Ben Crystal has a wonderful way with words, especially in commenting on our soon-to-be-ex-president.
“…“(T)here is a cohort of working-class white voters that voted for me in sizable numbers, …” let me finish that sentence for him in real-world, as it actually happened, terms.
“…“(T)here is a cohort of working-class white voters that voted for me in sizable numbers,…” but then after they voted for me and objected to some of my policies the reason for doing that was racism. In other words, they weren’t racist when they voted for me, but then they became racist when it came to not agreeing with what I was doing.
Of course, many of us see this in reverse—-these “… working-class white voters that voted for (him) in sizable numbers…” only did it because of the color of his skin, which was racism, and then when they didn’t like what I was doing they did it with no regard for the color of his skin, which was not racism.
“…as credible as an article written by a guy in his underwear in a basement,..” You mean like Leftist spokesbaby Onesie Boy?
And Captain Clueless speaks again: “…whatever policy prescriptions that we’ve been proposing don’t reach, are not heard, by the folks in these communities. ,,”
Wow. Talk about delusional. The whole election was about hearing about, experiencing the fallout from, those very “policy prescriptions”, or seeing them for the incremental shift to an even more powerful and dominating Central Authority they represented, and rejecting them. Heard them, Barry. Understood them, Barry. And kicked them to the curb, Barry.

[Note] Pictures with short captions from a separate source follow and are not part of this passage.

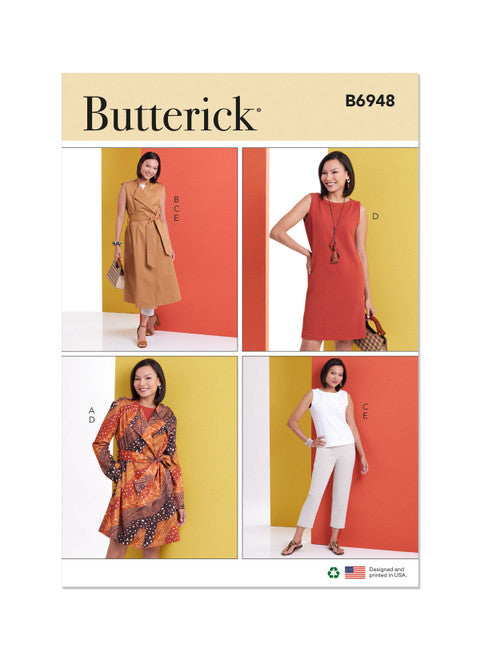 Butterick Outfit B6948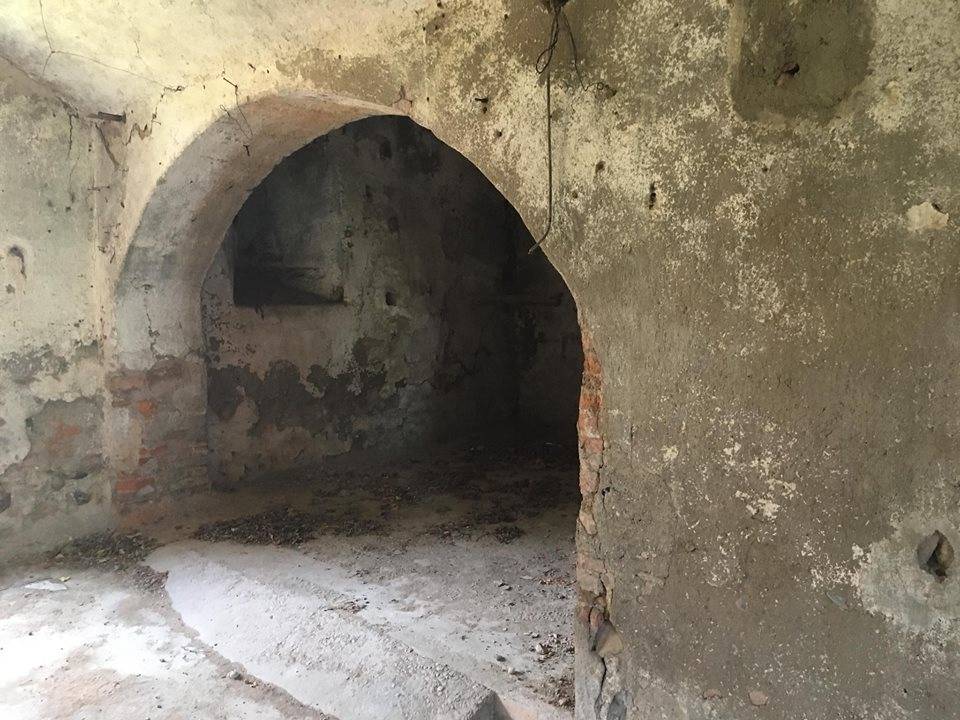 Dentro al castello di Belforte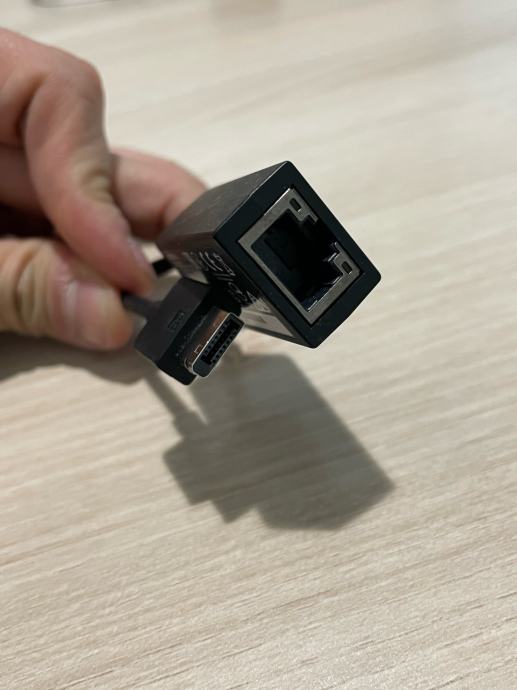 Lenovo ThinkPad Extension Adapter Gen 2 Novo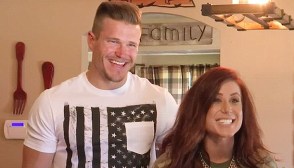 Cole DeBoer and Chelsea Houska
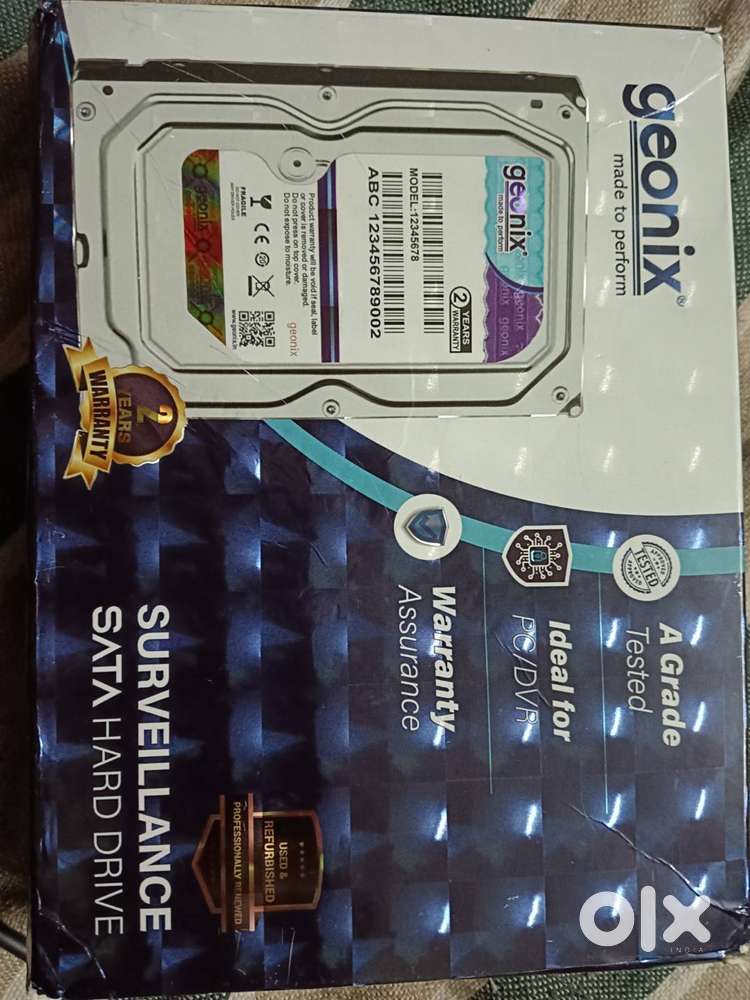 Geonix Sata Hard Drive 14 TB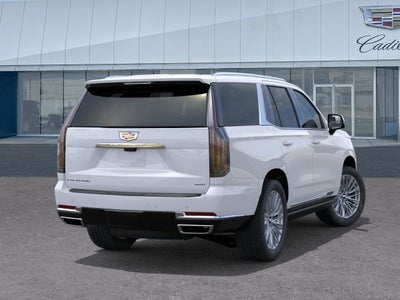 2026 Cadillac Escalade Luxury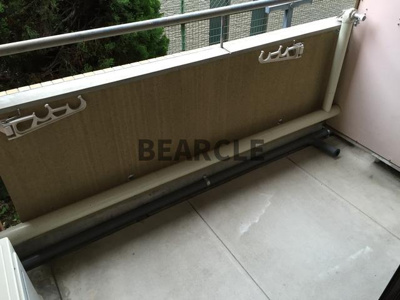 【バルコニー】 | メゾン光洋 | バルコニー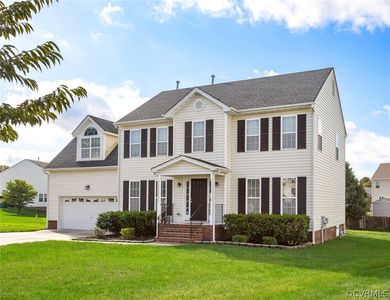 3821 Spring Lake Place Gln, Glen Allen, VA, 23060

Yeah, Barry, you just comfort yourself with the fantasy that the only reason those ignorant white working class folks voted the way they did is because they just didn’t have what it takes to recognize your greatness. Yeah, that’s the ticket. I’d stick with that, if I were you, because at this point that’s pretty much all you’ve got.
“…curated journalism …” Is that the same as “nuanced” reporting?
The man is coming right out and saying that the problem is that the people are getting raw information they can process on their own, through their own intellect, instead of simply being fed “curated” information which has been carefully edited, manipulated, and predigested so the newsreader can tell them what it really means.
Can you imagine a Democrat announcing, “I’m nominating Mad Dog Mattis for Secretary of Defense”? This is gonna be fun.